ACTION ITEM
In this exercise, print only the lines of the records below from the one with "10pcs Whole Solid" through the one with "Bunker ® 9 Drawer", inclusive. Pictures are not part of the copy.

RECORD SET
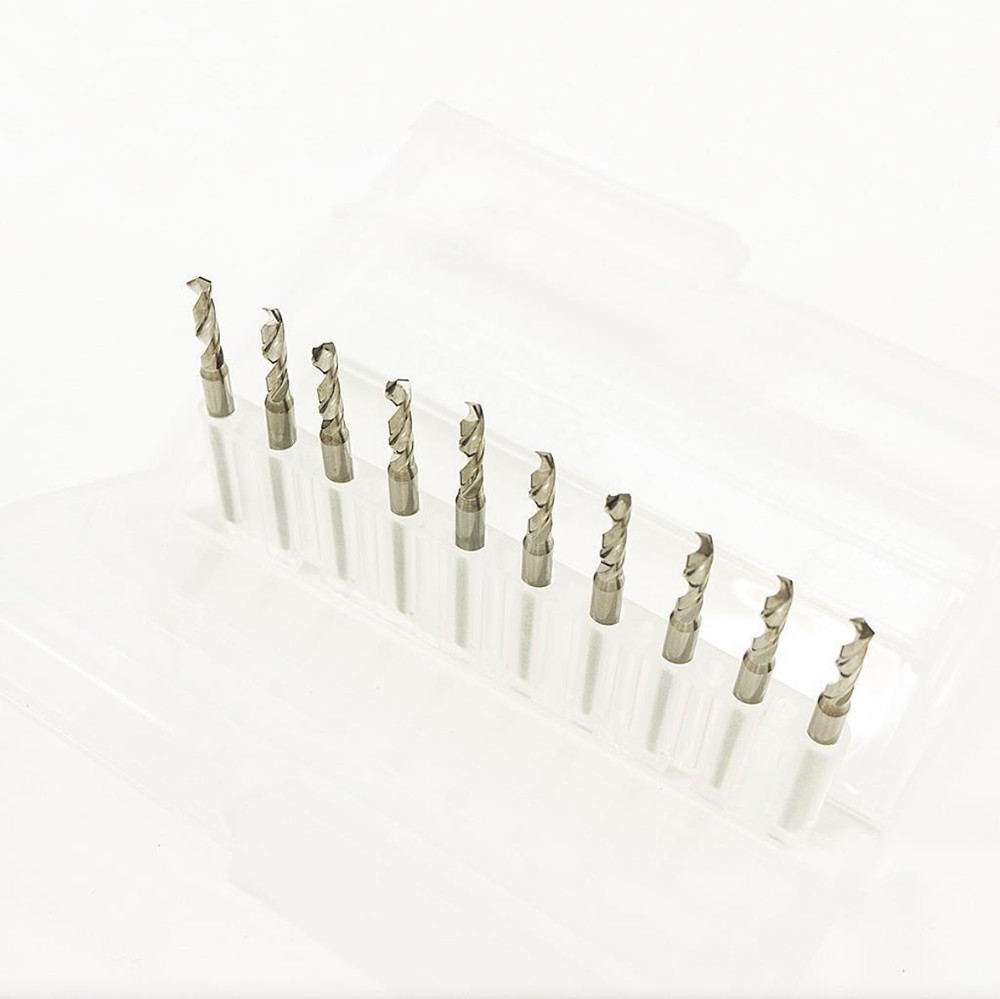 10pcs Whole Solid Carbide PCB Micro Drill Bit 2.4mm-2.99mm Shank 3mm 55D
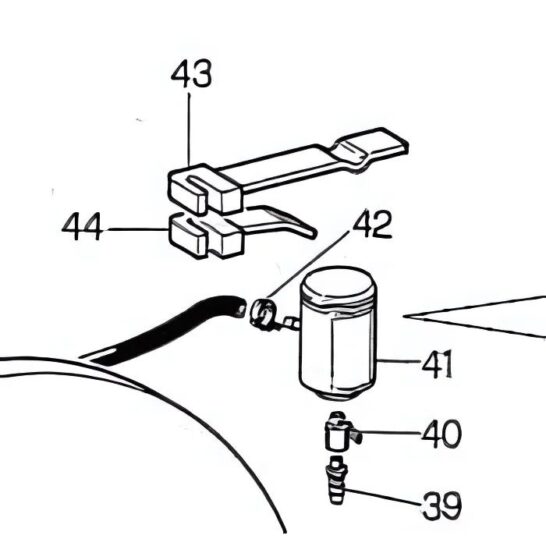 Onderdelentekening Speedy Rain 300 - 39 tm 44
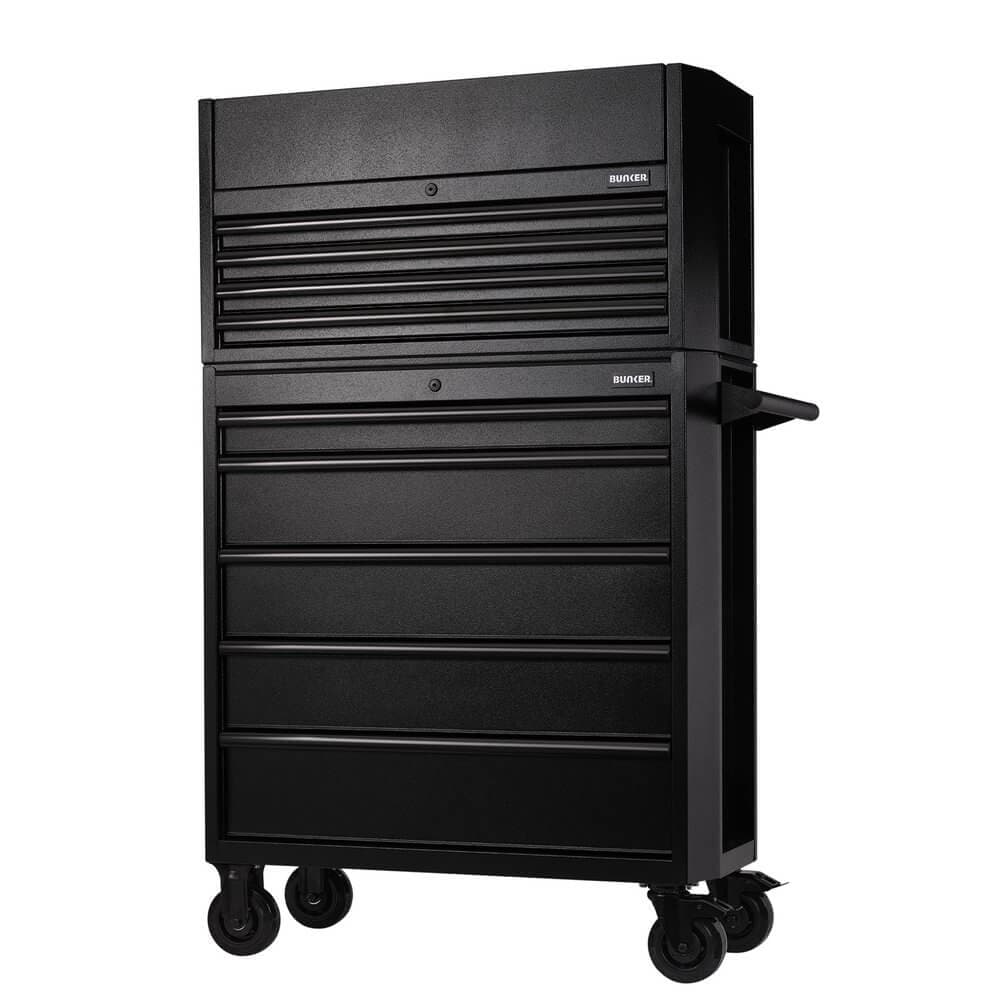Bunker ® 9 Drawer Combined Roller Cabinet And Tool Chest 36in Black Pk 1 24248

--

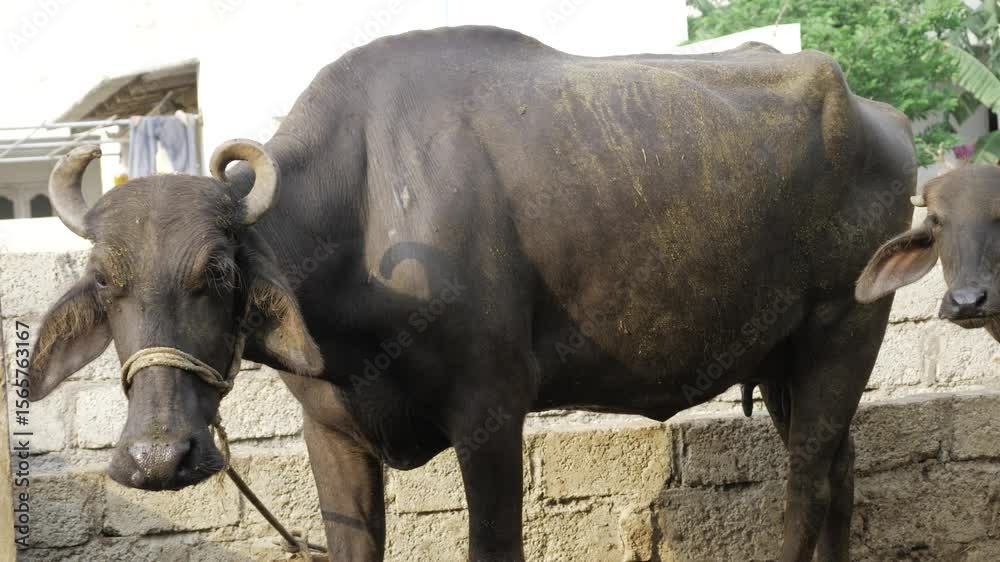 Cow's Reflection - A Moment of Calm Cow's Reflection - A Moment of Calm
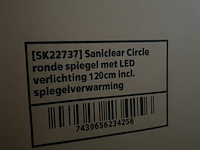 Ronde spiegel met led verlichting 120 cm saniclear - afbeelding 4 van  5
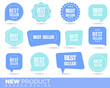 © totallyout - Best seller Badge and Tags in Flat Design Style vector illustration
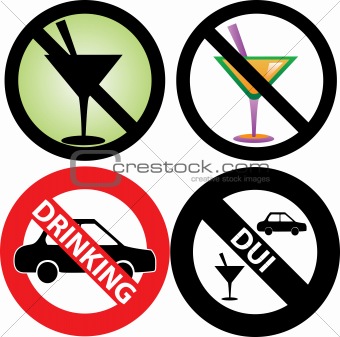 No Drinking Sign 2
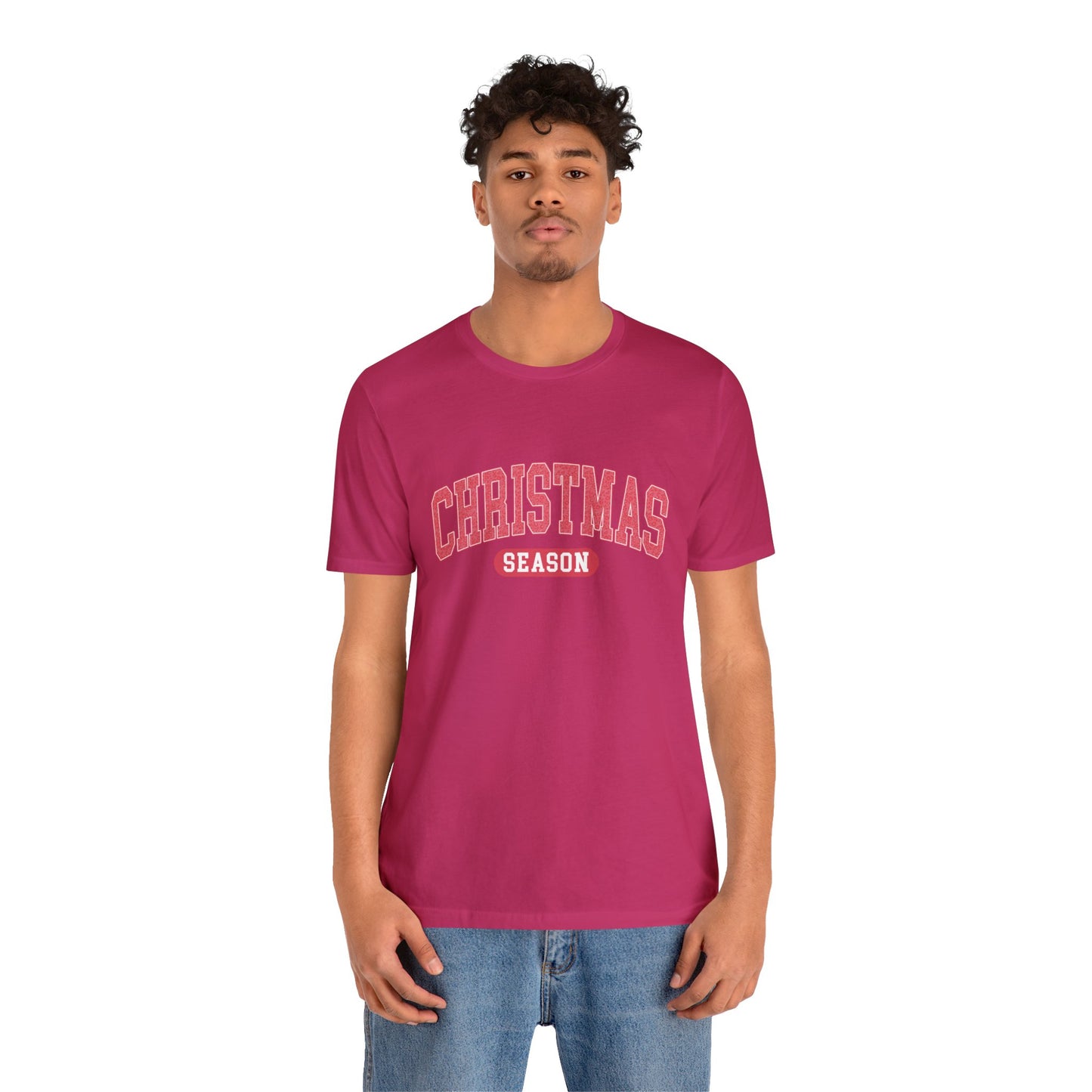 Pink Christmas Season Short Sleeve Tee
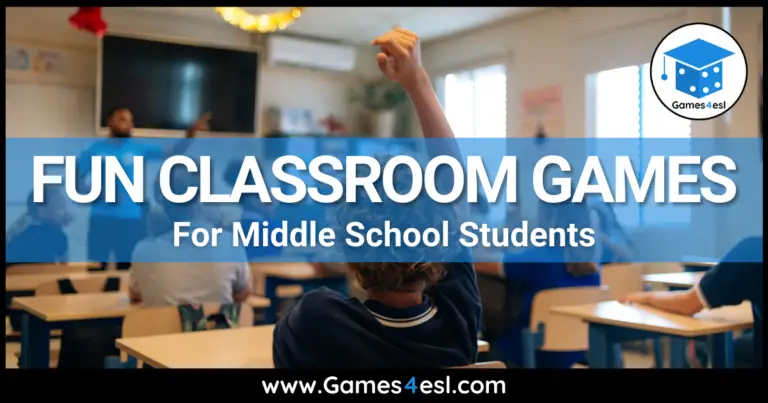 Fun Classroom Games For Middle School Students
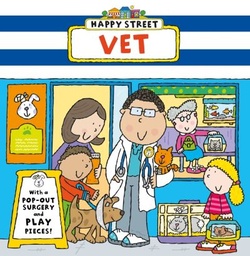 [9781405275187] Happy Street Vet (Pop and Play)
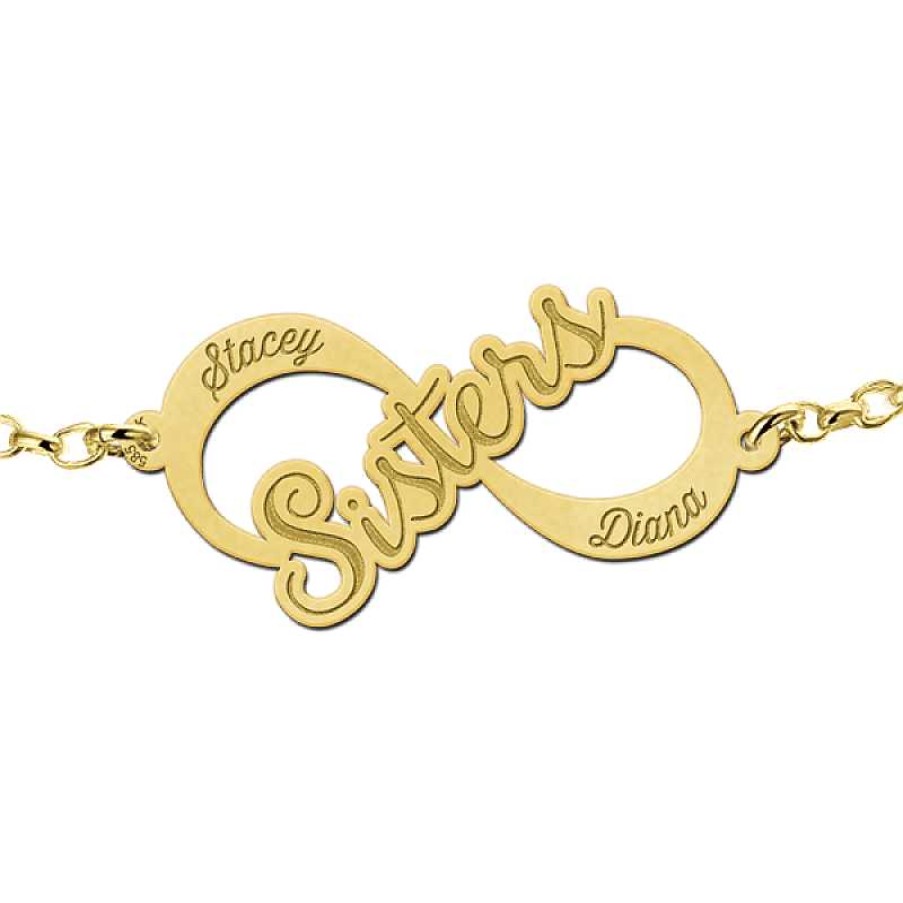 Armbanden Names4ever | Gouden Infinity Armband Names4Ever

...

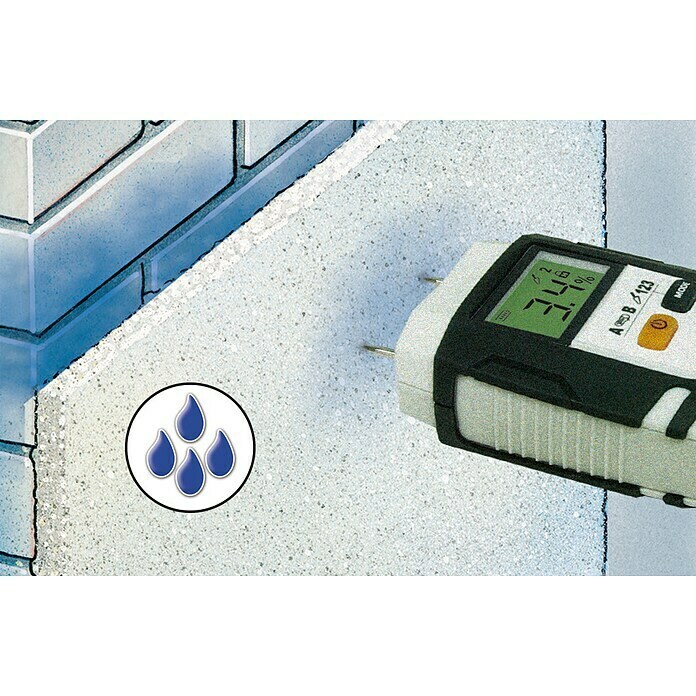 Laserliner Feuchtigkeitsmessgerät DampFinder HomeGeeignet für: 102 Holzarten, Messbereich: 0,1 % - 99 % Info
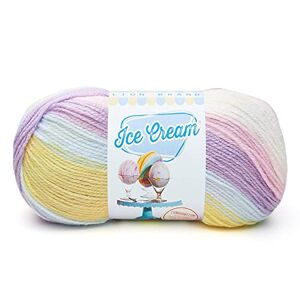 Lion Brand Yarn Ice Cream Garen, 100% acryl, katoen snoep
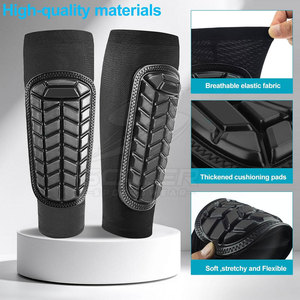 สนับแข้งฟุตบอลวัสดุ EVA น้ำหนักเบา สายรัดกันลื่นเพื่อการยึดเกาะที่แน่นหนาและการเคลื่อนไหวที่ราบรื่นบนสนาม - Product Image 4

RESPONSE TO THIS EXERCISE
 10pcs Whole Solid Carbide PCB Micro Drill Bit 2.4mm-2.99mm Shank 3mm 55D
 Onderdelentekening Speedy Rain 300 - 39 tm 44
Bunker ® 9 Drawer Combined Roller Cabinet And Tool Chest 36in Black Pk 1 24248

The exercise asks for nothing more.